Return verbatim the lines that run from the one holding "Orman kuşlarıyla dekoratif" to the end of the listing, both ends included, without the pictures.

**Recorded data**
□ □ □ □
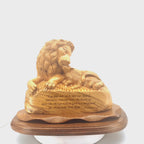 Lion with Lamb and Scripture of Corinthians, 13.8" Masterpiece Wooden Christian Carving
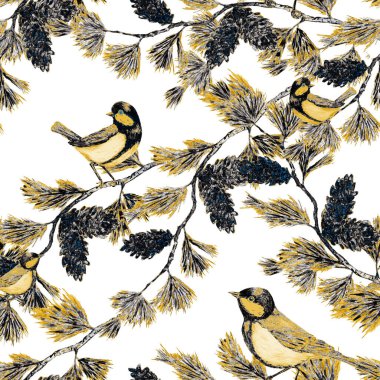 Orman kuşlarıyla dekoratif dikiş desenleri. Oturan erkek memeler. Herhangi bir amaç için parlak altın hayvan izi. El çizimi.
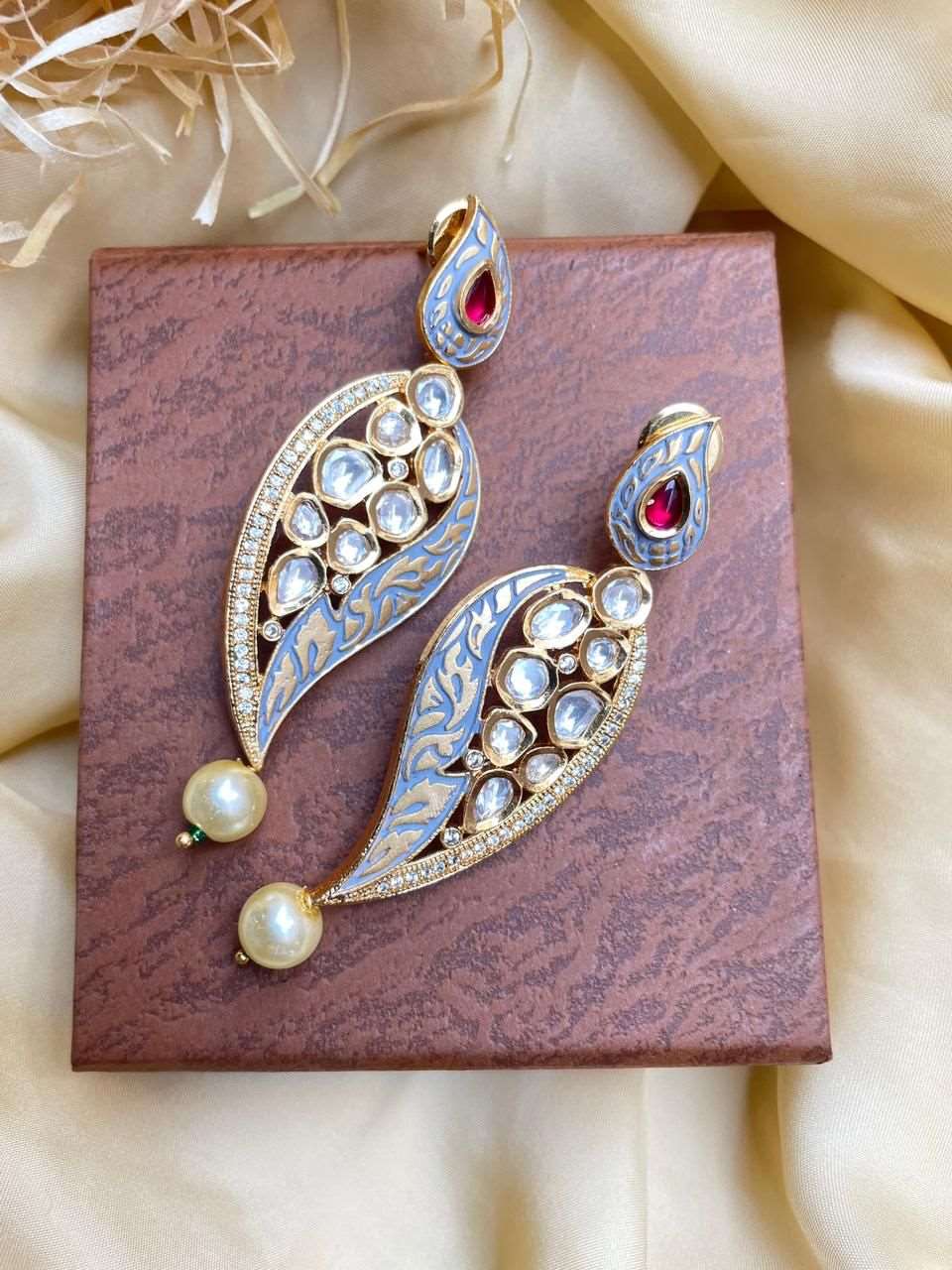 Antique Gold Plated Pearl Drop Kundan Earrings - Abdesignsjewellery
□ □ □ □
**Solution for this exercise**
 Orman kuşlarıyla dekoratif dikiş desenleri. Oturan erkek memeler. Herhangi bir amaç için parlak altın hayvan izi. El çizimi.
 Antique Gold Plated Pearl Drop Kundan Earrings - Abdesignsjewellery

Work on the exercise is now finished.